One approach might be:
The teacher comes up with questions herself and writes them on the whiteboard, the students do the activity, and then one by one she asks students what their answers were or what their partner said. She then asks some follow-up questions about the content of the answers. If students make mistakes, she gives them the correct answer and they repeat it after her.
(Kind of a caricature, of course, for the sake of the example)

Another approach:
The teacher comes up with a few questions herself as examples, and then ask students in pairs to come up with a few more each; while they are working she writes hers on the board, and then students come to the board to write up theirs.

Students do the activity, then the teacher selects a pair to sit at the front and tell the class one interesting answer that their partner gave. She asks if the class has any questions for the pair, and then asks that pair to select the next pair to speak. There are many ways to do correction- one might be to have developed some hand signs to indicate there is a mistake and ask the student himself to correct it, or ask other students to do so. Another might be to put some “disguised” sentences up on the board (so it’s not obvious that this mistake was John’s, etc.) and students in pairs try to correct them.

This second approach, of course, is more student-centered. It’s my understanding that “level of student-centered-ness” is more like a continuum rather than a yes-it’s-student-centered or no-it’s-not type of thing. I also don’t think the goal of dealing with that concept in the course is to say that one approach is always better than another. Still, there positive things that can come out of taking a more student-centered approach – such as students feeling and being more personally engaged and at least a bit more likely to take responsibility for their learning. I’d also hazard the guess that most native speaker teachers have not grown up with a student-centered approach either, and so that is one reason for practicing it.

My course was five years ago and as I wasn’t blogging then, I don’t have any record of how my trainers introduced the concept. I imagine we made some comparison between two approaches, and then had an opportunity to adapt activities to make them more student-centered. I know during the feedback session, people would comment on this: “It was a good thing that you got the students to write their answers on the board” or “How could that have been more student-centered”?

I’d like to take this opportunity to be a little more reader-centered, so please leave your own comments here, or come up to the post and write them yourself!


Mark Bain January 1, 2008 at 7:53 am


A succinct and informative summary, which I’ll pass on to my trainees as further reading. Initial training courses tend to be intensive, and don’t allow much time for debate – they tend to present the current ‘conventional wisdom’ without much analysis. As a result, trainees often pick up surface features without grasping the underlying concept.
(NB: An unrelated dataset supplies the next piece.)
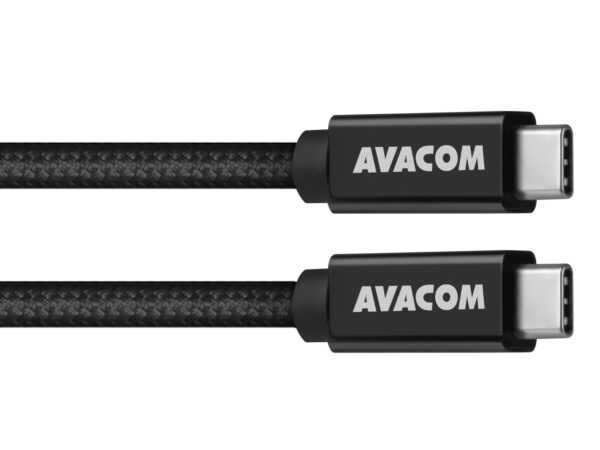 DCUS-TPCC-10K100W_a_s AVACOM datový a nabíjecí kabel USB Type-C - USB Type-C, 100cm, 100W E-Mark, černý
For example, I have found that many trainee teachers get students to write on the board, thinking they are making their lesson ‘student centered’. In and of itself, having the students carry out tasks traditionally performed by the teacher isn’t necessarily student-centred in any meaningful sense, especially when they told exactly what to do by the teacher!
Keep up the good work.

Katie January 2, 2008 at 11:20 pm

Thanks, Mark, I’m glad you thought it was useful.

That’s an interesting point that it’s not just getting the students to do what the teacher usually does – could a general (incomplete) explanation involve something like “organizing class in a way that students own ideas set the tone”?

Let me know when your blog is up and running!

DK May 4, 2009 at 12:25 pm

As an experienced ESL teacher teaching abroad I can attest to the dramatic affects that a student-centered paradigm has on class moral, inducing greater self-interest in the class, participation, retention (both from a business perspective, i.e. keeping your students, and from a learning perspective), understanding and student-teacher interaction. It also has side benefits of allowing shier students to work within a smaller attention zone and build their confidence while giving outgoing students a chance to show-off constructively.

I highly recommend it.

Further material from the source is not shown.